Organizing and Verifying Medical Records

by | Published on Aug 7, 2015 | Medical Record Review

In medical litigation, once the medical records are all obtained, the next step is organizing them systematically. This will help anyone in your law office team quickly and easily access the required records. To save time, effort and money, you could consider utilizing medical record review services. A medical review company with a good reputation and considerable experience in the industry will take care of each aspect of the review process right from requesting the medical records through organizing, reviewing and summarizing them. Typically, the review team includes medical professionals such as physicians and registered nurses and this ensures a more professional and insightful review. Medical records can be organized in different ways, and each law firm may want it done in a specific way.

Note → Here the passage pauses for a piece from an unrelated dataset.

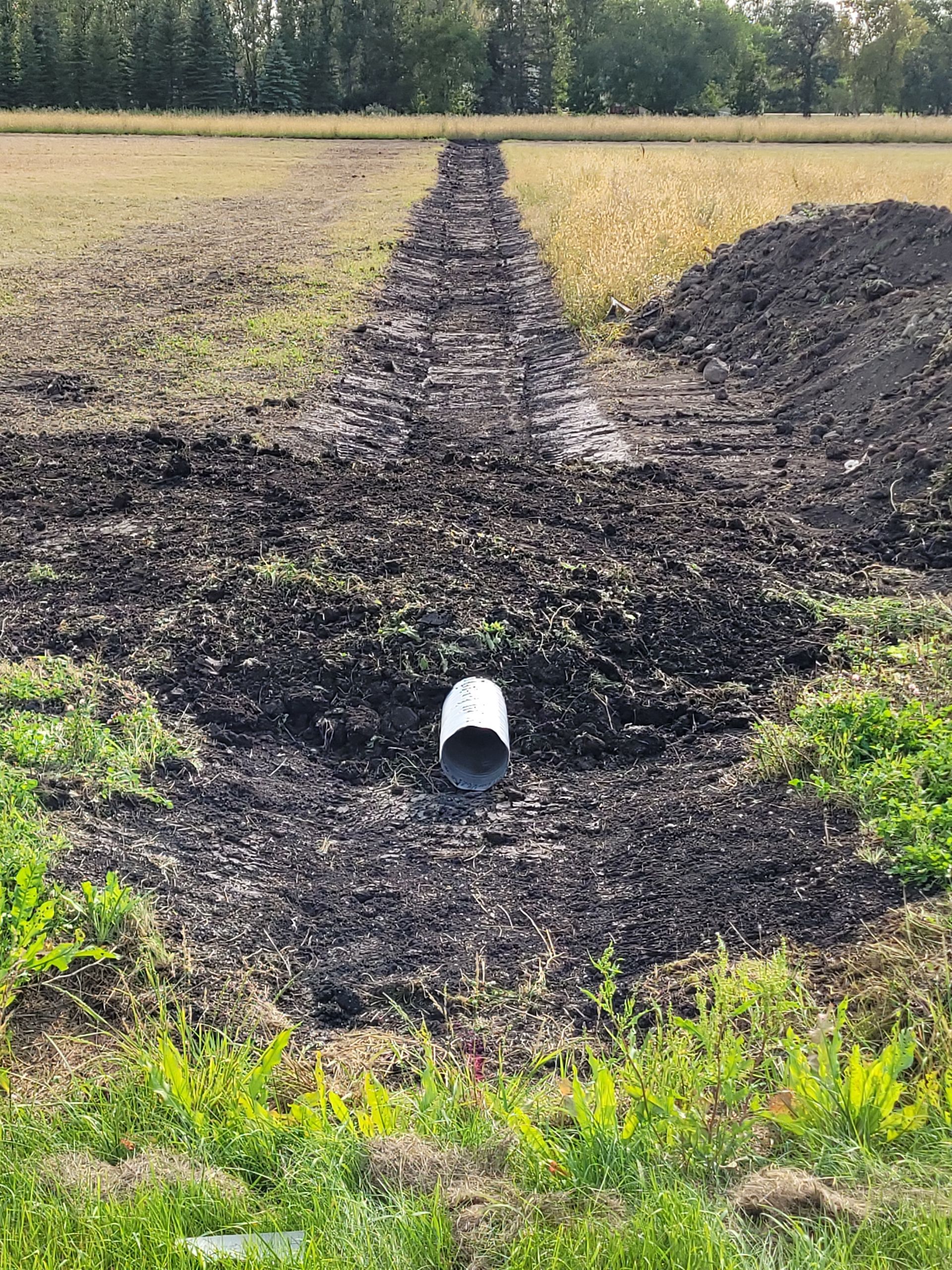 A white pipe is sitting in the middle of a muddy field.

  • Organizing the Medical Records Chronologically: In this method, the records are arranged chronologically regardless of the provider. This arrangement is ideal if you want to view a timeline of the injured worker’s overall course of treatment.
  • Organizing the Records by Medical Provider: This is advantageous if you want the services provided by a particular provider to stay together. This also ensures that all medical records from that provider are in one place. You can have the records organized in chronological or reverse chronological order. In the former, the initial date of service appears first and the most recent one last. In the latter, the most recent date of service will be on the top and the initial date last. The medical records can be Bates stamped or numbered to use conveniently as deposition, pleading, hearing and/or brief exhibits, and can be referred to by page number. Chronological arrangement is always advisable because it becomes easy to cite them when preparing medical history because there is a clear time line. When the records are in reverse chronological order, or if there is no particular order at all, it can be really challenging when you need to draft court documents.

When medical records are indexed, they can be easily located by anyone in your team. The index usually includes the name of the provider, dates of service and page numbers if any.

Now we come to the verifying part.

Ensuring that You Have the Complete Set of Medical Records

A complete set of medical records is necessary for workers’ compensation, medical malpractice and personal injury cases.

It is important that an itemized billing statement is obtained from each medical provider. The dates on the medical records have to be compared to the dates of service on the bill to make sure that there are no missing records. Other documents that are relevant include rehabilitation reports, group health insurance benefit statements and so on. All dates of service referenced have to be closely scrutinized to make sure that all necessary medical records have been obtained.